# WordNet

In [225]:
from nltk.corpus import wordnet as wn
from nltk.corpus import stopwords
from nltk.wsd import lesk
import nltk
import collections
from nltk.tokenize.treebank import TreebankWordDetokenizer
from nltk.tokenize import TreebankWordTokenizer
from nltk.wsd import lesk

In [2]:
dogSyns = wn.synsets('dog')

In [3]:
dogSyns

[Synset('dog.n.01'),
 Synset('frump.n.01'),
 Synset('dog.n.03'),
 Synset('cad.n.01'),
 Synset('frank.n.02'),
 Synset('pawl.n.01'),
 Synset('andiron.n.01'),
 Synset('chase.v.01')]

In [4]:
dog = dogSyns[0]

In [5]:
dog.definition()

'a member of the genus Canis (probably descended from the common wolf) that has been domesticated by man since prehistoric times; occurs in many breeds'

In [6]:
dog.hyponyms()

[Synset('basenji.n.01'),
 Synset('corgi.n.01'),
 Synset('cur.n.01'),
 Synset('dalmatian.n.02'),
 Synset('great_pyrenees.n.01'),
 Synset('griffon.n.02'),
 Synset('hunting_dog.n.01'),
 Synset('lapdog.n.01'),
 Synset('leonberg.n.01'),
 Synset('mexican_hairless.n.01'),
 Synset('newfoundland.n.01'),
 Synset('pooch.n.01'),
 Synset('poodle.n.01'),
 Synset('pug.n.01'),
 Synset('puppy.n.01'),
 Synset('spitz.n.01'),
 Synset('toy_dog.n.01'),
 Synset('working_dog.n.01')]

In [7]:
dog.hypernyms()

[Synset('canine.n.02'), Synset('domestic_animal.n.01')]

In [8]:
dog.hypernyms()[0].hypernyms()

[Synset('carnivore.n.01')]

In [9]:
dog.hypernyms()[0].hypernyms()[0].hypernyms()
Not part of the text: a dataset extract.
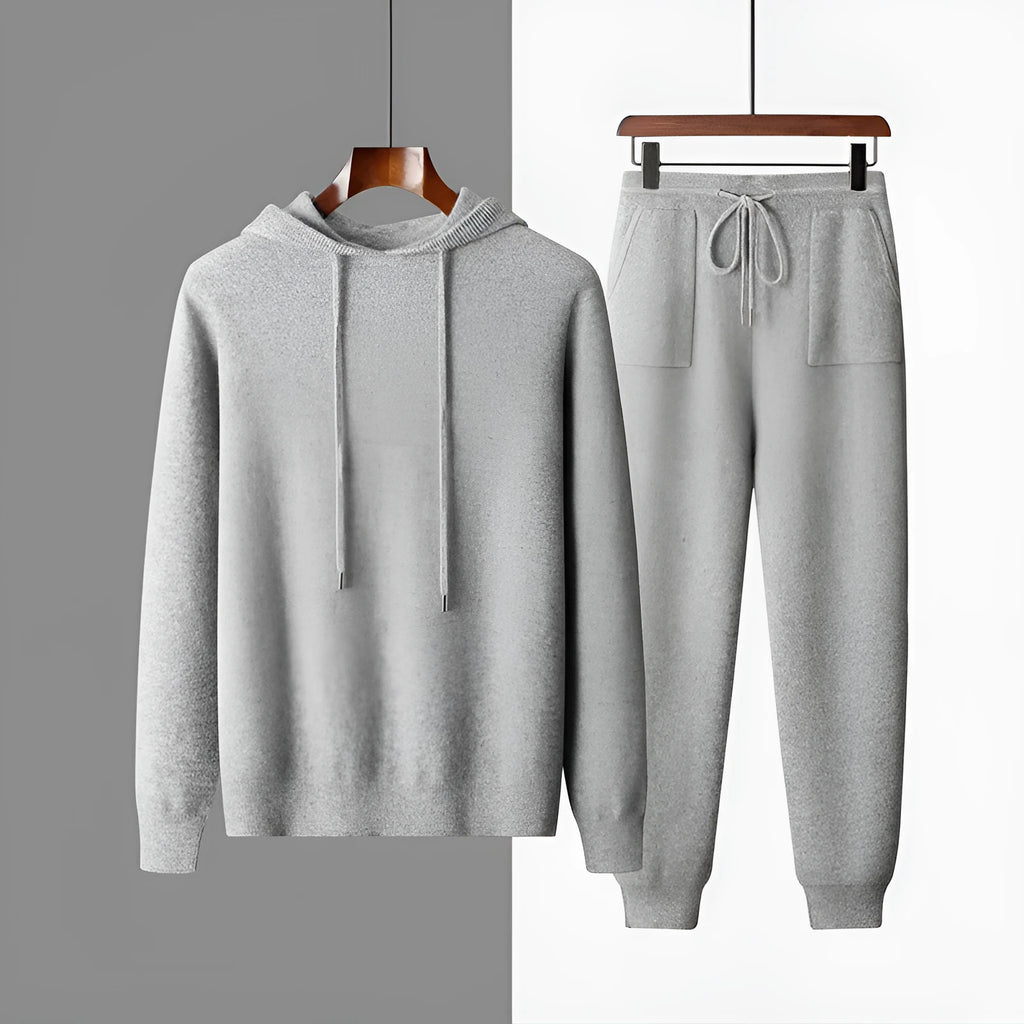 Men's light grey cashmere hooded sweatshirt and matching trousers set laid flat.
[Synset('placental.n.01')]

In [10]:
mammal = dog.hypernyms()[0].hypernyms()[0].hypernyms()[0].hypernyms()[0]

In [11]:
mammal.max_depth(), mammal.min_depth()

(9, 9)

In [12]:
dog.max_depth(), dog.min_depth()

(13, 8)

In [13]:
mammal.hypernyms()

[Synset('vertebrate.n.01')]

In [14]:
def getHypernyms(word):
    print(word.max_depth())
    return word.hypernyms()
mammal.tree(getHypernyms)

9
8
7
6
5
4
3
2
1
0


[Synset('mammal.n.01'),
 [Synset('vertebrate.n.01'),
  [Synset('chordate.n.01'),
   [Synset('animal.n.01'),
    [Synset('organism.n.01'),
     [Synset('living_thing.n.01'),
      [Synset('whole.n.02'),
       [Synset('object.n.01'),
        [Synset('physical_entity.n.01'), [Synset('entity.n.01')]]]]]]]]]]

In [226]:
def getDepthNHypernym(word, n=5): 
    if word.max_depth() > n: 
        hypernyms = word.hypernyms()
        # Check to make sure it's not an empty list, and that it is a list,
        # otherwise indexing with [0] will fail. 
        if type(word.hypernyms()) is list and len(word.hypernyms())>0:
            return getDepthNHypernym(word.hypernyms()[0], n)
    return word.hypernyms()

In [229]:
getDepthNHypernym(mammal, 5)

[Synset('living_thing.n.01')]

In [230]:
getDepthNHypernym(dog)

[Synset('living_thing.n.01')]

In [231]:
house = wn.synsets('house')[0]

In [232]:
getDepthNHypernym(house)

[Synset('artifact.n.01')]

In [36]:
garden = open('/home/jon/Code/course-computational-literary-analysis/Homework/garden.md').read()

In [233]:
gardenTokens = nltk.word_tokenize(garden)

In [234]:
gardenTags = nltk.pos_tag(gardenTokens)

In [235]:
gardenNoStops = [token for token in gardenTags if token[0] not in stopwords.words('english')]

In [236]:
gardenTags[40:50]

[(',', ','),
 ('the', 'DT'),
 ('sky', 'NN'),
 ('without', 'IN'),
 ('a', 'DT'),
 ('cloud', 'NN'),
 ('.', '.'),
 ('Only', 'RB'),
 ('the', 'DT'),
 ('blue', 'NN')]

In [237]:
wn.synsets('cold')[0].definition()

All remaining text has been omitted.